Set every record down verbatim and omit the pictures.

┏━━

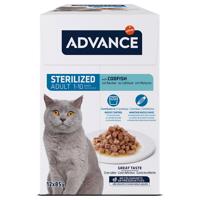 Advance mokré krmivo, 24 x 85g - 16 + 8 zdarma - Feline Sterilized treska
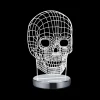 Kinderverlichting|Decoratieve Accessoires|Ygo Tafellamp SKULL Transparant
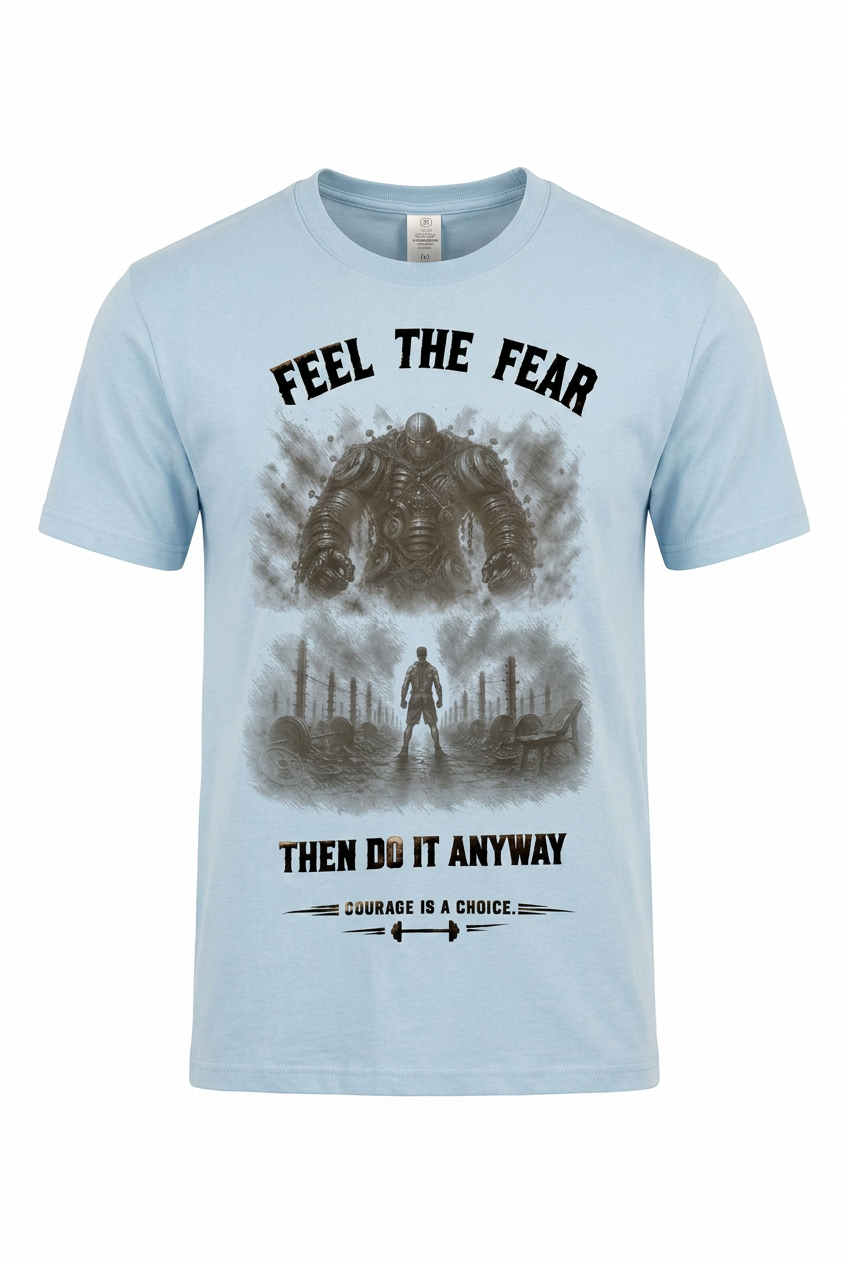 Gym T-Shirt — Conquer Your Fears with Every Workout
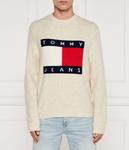 Свитер Tommy Jeans Regular Fit, бежевый - фото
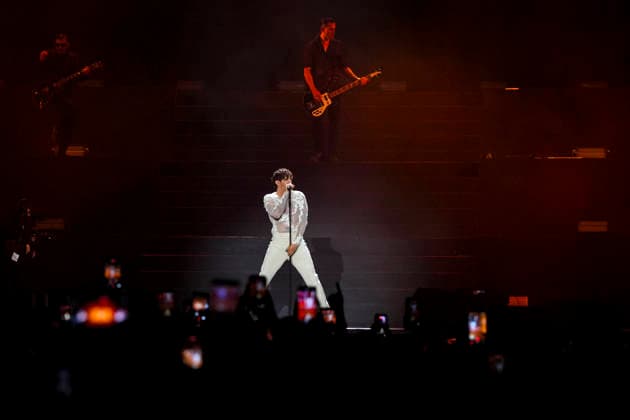 IPA85559011 - Rome Achille Lauro in concert as part of the tour - COMUNI IMMORTALI - STADI 2026 at the Stadio Olimpico in Rome Sold out in the photo ¢ Achille Lauro  Copyright: xbbrx xx 85559011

┗━━

▶ [EXERCISE OUTPUT]
 Advance mokré krmivo, 24 x 85g - 16 + 8 zdarma - Feline Sterilized treska
 Kinderverlichting|Decoratieve Accessoires|Ygo Tafellamp SKULL Transparant
 Gym T-Shirt — Conquer Your Fears with Every Workout
 Свитер Tommy Jeans Regular Fit, бежевый - фото
 IPA85559011 - Rome Achille Lauro in concert as part of the tour - COMUNI IMMORTALI - STADI 2026 at the Stadio Olimpico in Rome Sold out in the photo ¢ Achille Lauro  Copyright: xbbrx xx 85559011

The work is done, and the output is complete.